4) De que forma você acha que ele impacta a Cultura Puri contemporânea? E por fim... a Cultura Puri conheceu e vive da diáspora como vc vê as tentativas de criar laços culturais em meio à dispersão dos Puri?
4) Eu acho muito complicado depois de tantos anos de diáspora a gente tentar resgatar tudo isso, é muito difícil para nós, porque praticamente não sobraram registros, os registros que chegaram a nós não foram feitos pelos Puri; então é muito difícil... a gente tenta reunir informações com os anciãos, mas eu que teria mil e uma perguntas pra fazer... eu tô muito longe, morando no Rio Grande do Sul, e as pessoas estão todas espalhadas. As pessoas que estão dispostas a resgatar isso estão muito espalhadas, é muito difícil a gente se reunir, mas de qualquer forma, eu quis fazer isso porque eu acho que tem um impacto, um impacto de você ver uma coisa que te traz um orgulho, uma novidade... algo que você não imaginava que seus ancestrais faziam, eu acho que ter um lunário que casa mais ou menos com o clima, com as coisas que acontecem nessa região que os Puri viviam, de São Paulo até o Espírito Santo, passando pela zona da mata mineira e fluminense, ali tem um clima, uma natureza própria... quando você olha para o lunário, pra sua contagem de tempo, observando as coisas que acontecem a cada mês, a seca... a época do verão... a época que o milho começa a ter sua floração, a época em que as goiabas amadurecem, tudo isso, você identifica... as suas raízes ali. Eu acho que de certa forma era um certo orgulho, né? A gente poder se reconhecer ali, o sangue é uma coisa que às vezes pulsa mais forte quando a gente reconhece os traços de nossos ancestrais nessas coisas.

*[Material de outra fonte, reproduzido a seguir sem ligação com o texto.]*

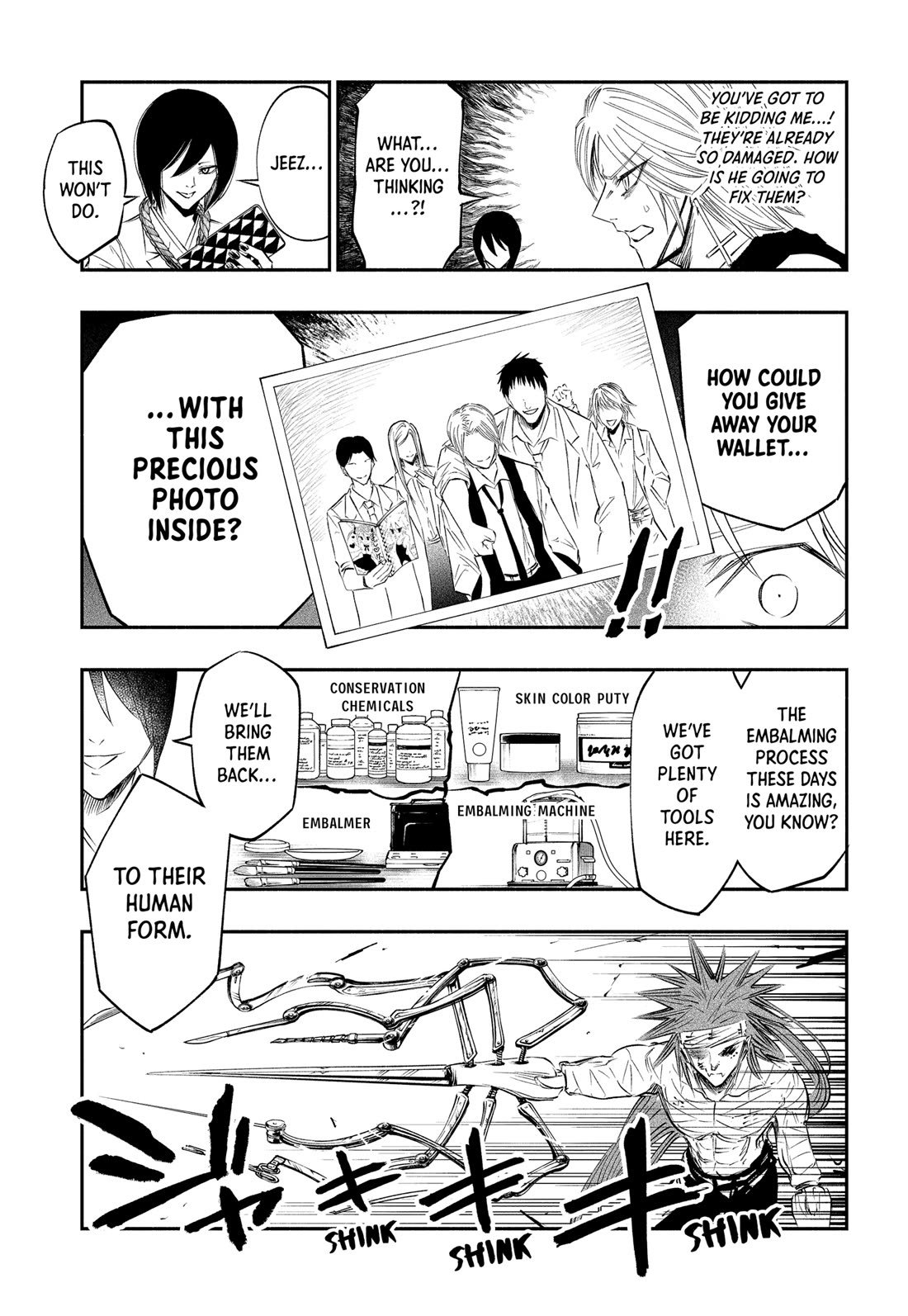 The Dark Doctor Ikuru Chapter 33 page 9 - Chapter 33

Realmente é muito difícil criar laços culturais em meio à dispersão.... Eu por exemplo, quanto mais eu conheço da cultura Puri, mais eu me identifico com as coisas. Eu sou uma pessoa muito quieta no meu dia a dia, eu falo pouco... Eu adoro uma rede rs... Eu sou muito curiosa... Enfim, eu gosto de andar no mato... Tem uma série de coisas que às vezes a gente fica parando para pensar... "Acho que isso vem da minha raiz Puri"... Eu acho que quando as pessoas começam a conhecer, às vezes elas se identificam, às vezes não; mas depois de uma diáspora que durou tantos anos é difícil a gente recriar esses laços, né? É uma luta muito árdua, até porque a vida moderna praticamente nos impede de reunir de novo em comunidade física, é uma coisa que não sei se tem volta... Mas talvez criar um centro de tradições e memória... Ou talvez reincorporar esses traços da cultura Puri no nosso dia a dia é algo que a gente pode tentar fazer... Isso aí é um trabalho de Hércules e ao mesmo tempo um trabalho de formiguinha, porque realmente a vida moderna nos impede de fazer esse tipo de coisa. Mas... O que a gente puder contribuir para que isso siga em frente, a gente vai continuar a contribuir. Esse ano estou muito atarefada quanto à família e ao trabalho, então tem sido muito difícil para mim poder participar ativamente, fora que moro muito longe... Mas acho fundamental e necessário a gente insistir nisso, embora seja difícil... A gente tem que insistir nisso.
Parabéns pelo Lunário, esses calendário que caminham juntos com os ciclos da natureza deveriam ser os oficiais. Deixar o calendário cristão como conhecimento geral.